For those of you with programming experience, I have some questions, if you'd be so kind as to read them.

I want to work on a project where I train a camera to detect snakes in real time and track them while within the camera range. So, pretend I have a backyard here in AZ and I suspect there are snakes, but there are also other critters running around, so if general motion detection is recommended that wouldn't help.


I don't know anything about programming so before I consider investing time or money, I'd like to know if this is feasible/how it works.


  1. Is the the type Of project I can tackle using the online AI programming courses? My thoughts where of using youtube videos of snakes for this project.
    1. How difficult would a project like this be for someone with no programming experience. What language would be used?
    2. If I paid someone to create the basic program how much would do you think it would cost?

Thank you

 
Most Helpful

Just a quick brain dump:

  1. You wouldn't use video, you'd use still images that you pull from that video. So it's not a video problem, it's an image problem. If you want to sound really professional, it's an "image processing" problem
  2. Your biggest challenge will be training data. You'd need all kinds of pictures of snakes in all kinds of environments and positions. You'd basically need to recreate all of the potential ways that snakes could be in real life at any time (day, night, big snakes, small snakes, coiled, extended, on the floor, on a rock, etc).  If you think about all the permutations of all those requirements (e.g. on a rock, coiled, at night; on a rock, coiled, during the day, etc.) then you should realize that you need A LOT of training data. Tens-of-thousands of images or more.
  3. Your aim should be to create an algorithm that removes bias and can act independently as your snake spotter. This has been hard to do with the exact kind of "animal spotting" problem you describe. There is a famous example where a researcher did the same thing for a type of endangered wolf. They thought their program worked, but what they really did was accidentally create an algorithm that detects snow because all of the known photos of this wolf (i.e. the training data I'm describing above) contained snow. 

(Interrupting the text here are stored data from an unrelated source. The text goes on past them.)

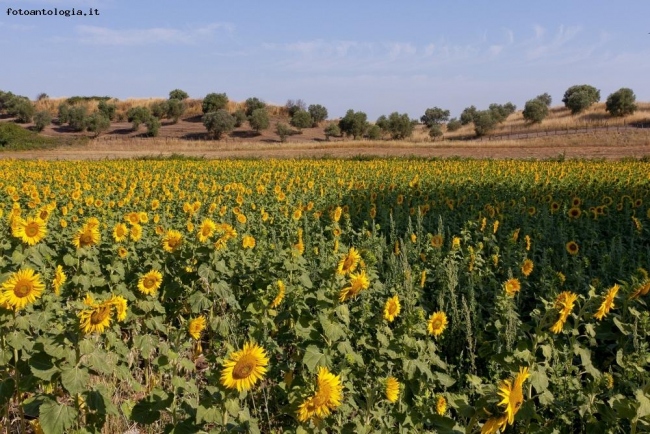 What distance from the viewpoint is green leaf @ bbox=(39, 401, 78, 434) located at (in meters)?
2.46

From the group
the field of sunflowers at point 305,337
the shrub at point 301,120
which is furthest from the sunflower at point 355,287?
the shrub at point 301,120

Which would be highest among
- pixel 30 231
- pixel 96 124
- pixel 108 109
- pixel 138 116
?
pixel 108 109

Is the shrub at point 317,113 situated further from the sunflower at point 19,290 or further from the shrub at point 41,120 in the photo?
the sunflower at point 19,290

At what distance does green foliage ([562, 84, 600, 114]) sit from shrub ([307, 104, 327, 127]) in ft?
114

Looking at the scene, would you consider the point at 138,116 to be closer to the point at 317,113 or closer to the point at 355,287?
the point at 317,113

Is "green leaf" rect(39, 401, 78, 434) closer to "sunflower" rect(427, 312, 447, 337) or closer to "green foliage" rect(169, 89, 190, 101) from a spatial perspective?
"sunflower" rect(427, 312, 447, 337)

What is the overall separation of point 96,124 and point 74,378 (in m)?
74.5

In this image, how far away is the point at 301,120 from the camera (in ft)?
257

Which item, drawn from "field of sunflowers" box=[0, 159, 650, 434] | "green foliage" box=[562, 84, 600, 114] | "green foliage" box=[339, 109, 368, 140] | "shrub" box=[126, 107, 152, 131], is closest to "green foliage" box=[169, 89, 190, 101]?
"shrub" box=[126, 107, 152, 131]

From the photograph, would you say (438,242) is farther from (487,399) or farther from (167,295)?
(487,399)

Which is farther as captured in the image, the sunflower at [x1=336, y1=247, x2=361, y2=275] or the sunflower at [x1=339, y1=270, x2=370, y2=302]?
the sunflower at [x1=336, y1=247, x2=361, y2=275]

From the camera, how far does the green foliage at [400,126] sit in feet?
244

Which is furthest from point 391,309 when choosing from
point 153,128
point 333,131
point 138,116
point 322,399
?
point 138,116

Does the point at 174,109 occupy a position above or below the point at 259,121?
above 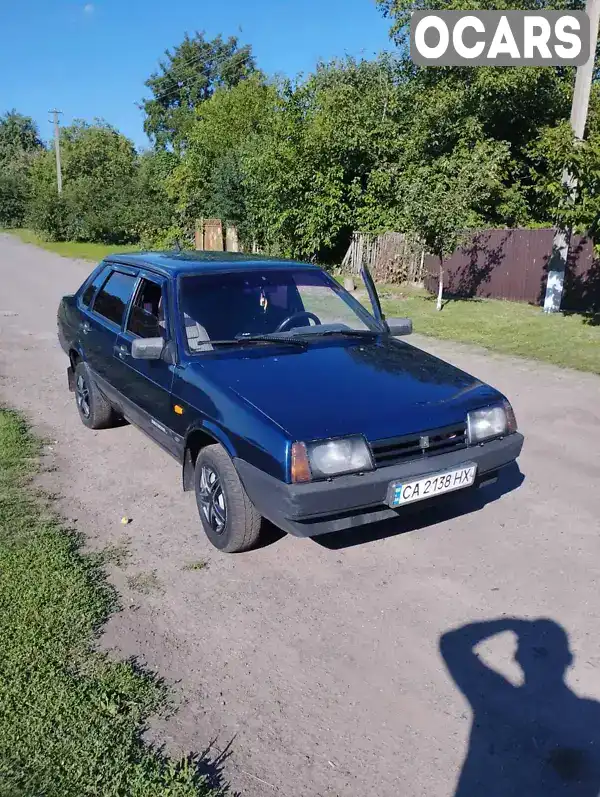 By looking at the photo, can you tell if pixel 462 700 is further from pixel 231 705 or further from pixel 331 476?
pixel 331 476

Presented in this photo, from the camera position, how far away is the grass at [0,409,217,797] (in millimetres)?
2277

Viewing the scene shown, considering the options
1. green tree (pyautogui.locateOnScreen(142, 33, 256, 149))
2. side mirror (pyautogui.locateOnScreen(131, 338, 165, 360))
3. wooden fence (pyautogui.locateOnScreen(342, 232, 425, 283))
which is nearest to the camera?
side mirror (pyautogui.locateOnScreen(131, 338, 165, 360))

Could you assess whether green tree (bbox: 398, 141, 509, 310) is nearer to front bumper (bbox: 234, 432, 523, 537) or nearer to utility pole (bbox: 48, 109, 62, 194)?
front bumper (bbox: 234, 432, 523, 537)

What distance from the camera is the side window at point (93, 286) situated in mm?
5930

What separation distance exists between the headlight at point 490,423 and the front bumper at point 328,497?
284 mm

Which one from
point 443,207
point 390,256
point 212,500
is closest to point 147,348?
point 212,500

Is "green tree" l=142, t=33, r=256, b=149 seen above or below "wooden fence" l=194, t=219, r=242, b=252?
above

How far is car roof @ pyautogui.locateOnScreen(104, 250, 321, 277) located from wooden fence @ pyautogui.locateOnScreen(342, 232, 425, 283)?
552 inches

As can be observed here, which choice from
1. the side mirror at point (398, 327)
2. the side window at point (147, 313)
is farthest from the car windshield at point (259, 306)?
the side window at point (147, 313)

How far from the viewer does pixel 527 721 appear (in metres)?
2.61

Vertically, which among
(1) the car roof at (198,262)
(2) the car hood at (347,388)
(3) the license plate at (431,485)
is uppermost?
(1) the car roof at (198,262)

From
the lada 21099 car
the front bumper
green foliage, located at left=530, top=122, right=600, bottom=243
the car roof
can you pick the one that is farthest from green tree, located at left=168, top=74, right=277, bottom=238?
the front bumper

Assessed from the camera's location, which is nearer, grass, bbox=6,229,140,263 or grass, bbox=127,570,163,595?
grass, bbox=127,570,163,595

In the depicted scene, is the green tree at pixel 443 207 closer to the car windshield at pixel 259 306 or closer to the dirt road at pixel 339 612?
the dirt road at pixel 339 612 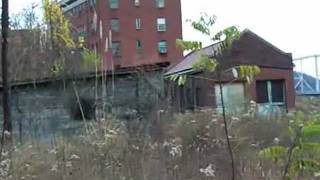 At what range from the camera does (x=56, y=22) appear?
3231 cm

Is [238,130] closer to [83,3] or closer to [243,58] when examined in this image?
[243,58]

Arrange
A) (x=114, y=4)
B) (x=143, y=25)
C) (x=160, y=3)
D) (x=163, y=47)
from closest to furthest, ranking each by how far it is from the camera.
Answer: (x=163, y=47) < (x=114, y=4) < (x=143, y=25) < (x=160, y=3)

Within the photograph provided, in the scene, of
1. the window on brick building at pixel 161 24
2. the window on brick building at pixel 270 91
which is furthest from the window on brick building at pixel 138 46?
the window on brick building at pixel 270 91

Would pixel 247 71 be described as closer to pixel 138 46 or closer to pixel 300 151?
pixel 300 151

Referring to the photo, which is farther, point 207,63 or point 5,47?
point 5,47

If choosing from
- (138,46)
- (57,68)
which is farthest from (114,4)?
(57,68)

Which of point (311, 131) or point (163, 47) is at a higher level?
point (163, 47)

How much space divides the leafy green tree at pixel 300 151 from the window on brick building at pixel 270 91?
1087 inches

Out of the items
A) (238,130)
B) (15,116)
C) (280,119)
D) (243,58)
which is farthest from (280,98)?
(238,130)

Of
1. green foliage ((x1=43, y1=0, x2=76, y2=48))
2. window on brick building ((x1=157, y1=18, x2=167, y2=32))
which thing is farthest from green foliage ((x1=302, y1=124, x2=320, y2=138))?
window on brick building ((x1=157, y1=18, x2=167, y2=32))

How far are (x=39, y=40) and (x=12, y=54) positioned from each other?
2.53 metres

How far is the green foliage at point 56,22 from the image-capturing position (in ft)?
99.2

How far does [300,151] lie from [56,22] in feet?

I will leave it up to you if this is something that you really want to pursue. 

 

Your biggest challenge will be training data. You'd need all kinds of pictures of snakes in all kinds of environments and positions. You'd basically need to recreate all of the potential ways that snakes could be in real life at any time (day, night, big snakes, small snakes, coiled, extended, on the floor, on a rock, etc).  If you think about all the permutations of all those requirements (e.g. on a rock, coiled, at night; on a rock, coiled, during the day, etc.) then you should realize that you need A LOT of training data. Tens-of-thousands of images or more

Just want to point out that cameras can collect audio data as well, which would be more informative and require less data than purely relying on visual cues.  

Array
 

GoingToBeAnMD

Just a quick brain dump:

  1. You wouldn't use video, you'd use still images that you pull from that video. So it's not a video problem, it's an image problem. If you want to sound really professional, it's an "image processing" problem
  2. Your biggest challenge will be training data. You'd need all kinds of pictures of snakes in all kinds of environments and positions. You'd basically need to recreate all of the potential ways that snakes could be in real life at any time (day, night, big snakes, small snakes, coiled, extended, on the floor, on a rock, etc).  If you think about all the permutations of all those requirements (e.g. on a rock, coiled, at night; on a rock, coiled, during the day, etc.) then you should realize that you need A LOT of training data. Tens-of-thousands of images or more.
  3. Your aim should be to create an algorithm that removes bias and can act independently as your snake spotter. This has been hard to do with the exact kind of "animal spotting" problem you describe. There is a famous example where a researcher did the same thing for a type of endangered wolf. They thought their program worked, but what they really did was accidentally create an algorithm that detects snow because all of the known photos of this wolf (i.e. the training data I'm describing above) contained snow. 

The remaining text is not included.